▸ **What you have to do**
Type out the whole listing again exactly, pictures omitted.

▸ **Given information**

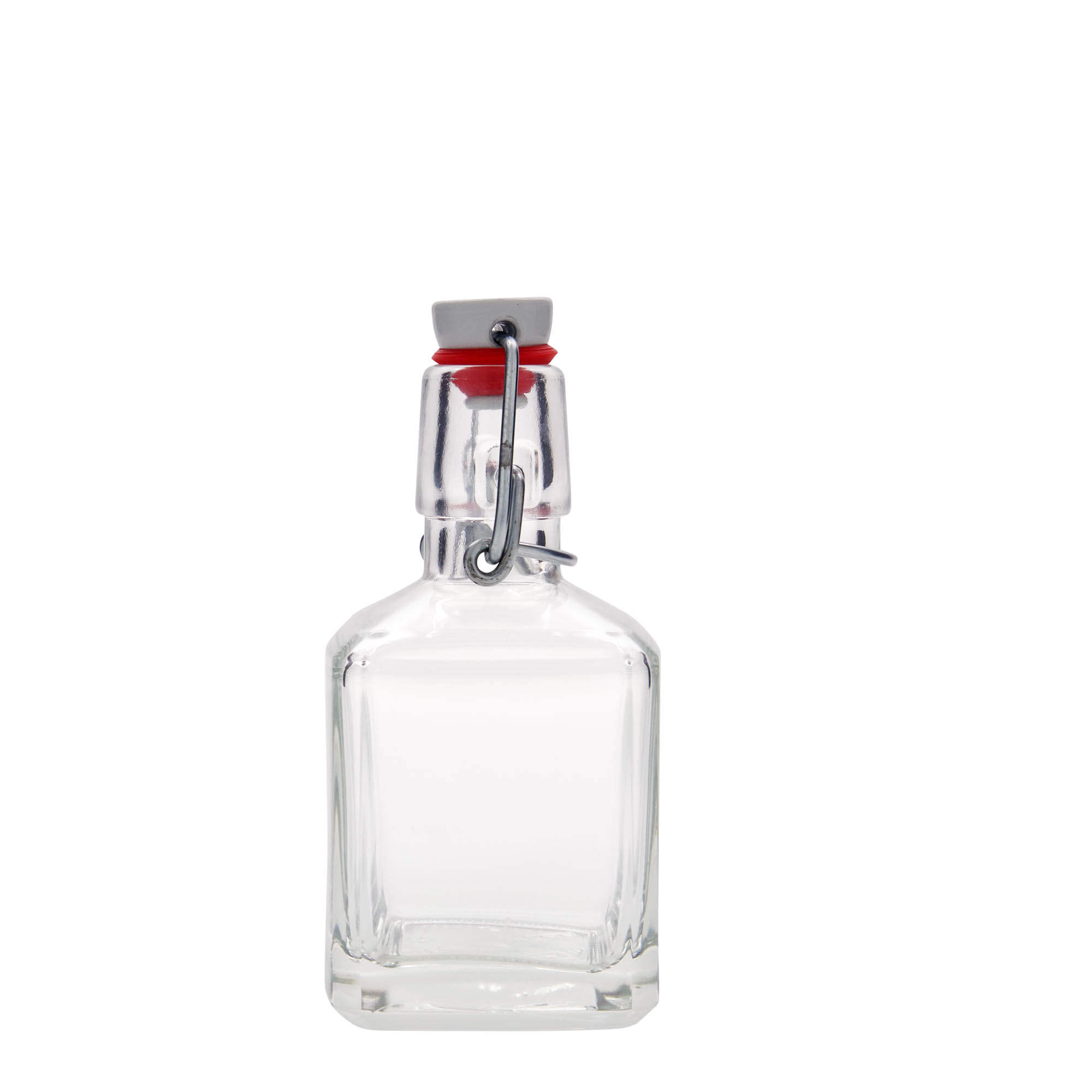 Botella de vidrio de 200 ml 'Kubica', cuadrada, boca: cierre de palanca Botella de vidrio de 200 ml 'Kubica', cuadrada, boca: cierre de palanca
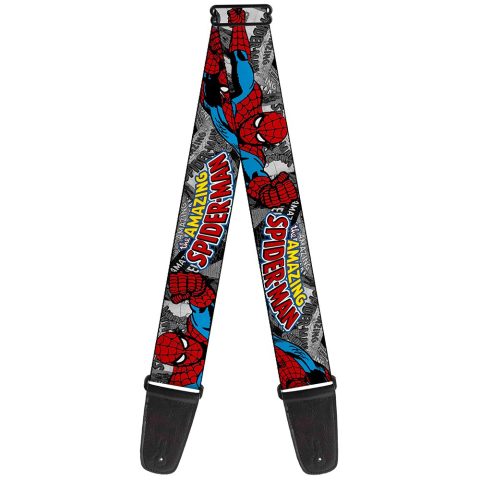 Buckle-Down Guitar Strap – THE AMAZING SPIDER-MAN Stacked Comic Books/Action Poses – 2″ Wide – 29-54″ Length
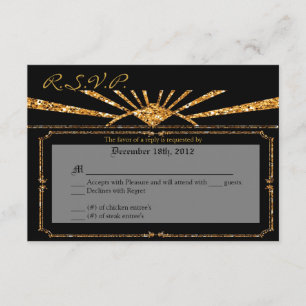 Tarjeta de respuesta 3x5 R.S.V.P. Art Deco Roaring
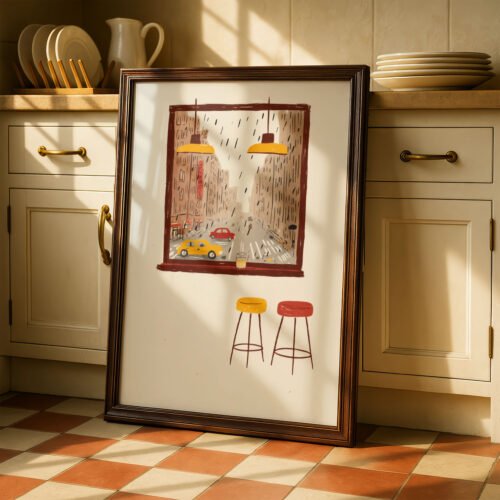 Cozy Bar Window View - Rainy Cityscape Print - Cafe Interior Wall Art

▸ **Answer section**
 Botella de vidrio de 200 ml 'Kubica', cuadrada, boca: cierre de palanca Botella de vidrio de 200 ml 'Kubica', cuadrada, boca: cierre de palanca
 Buckle-Down Guitar Strap – THE AMAZING SPIDER-MAN Stacked Comic Books/Action Poses – 2″ Wide – 29-54″ Length
 Tarjeta de respuesta 3x5 R.S.V.P. Art Deco Roaring
 Cozy Bar Window View - Rainy Cityscape Print - Cafe Interior Wall Art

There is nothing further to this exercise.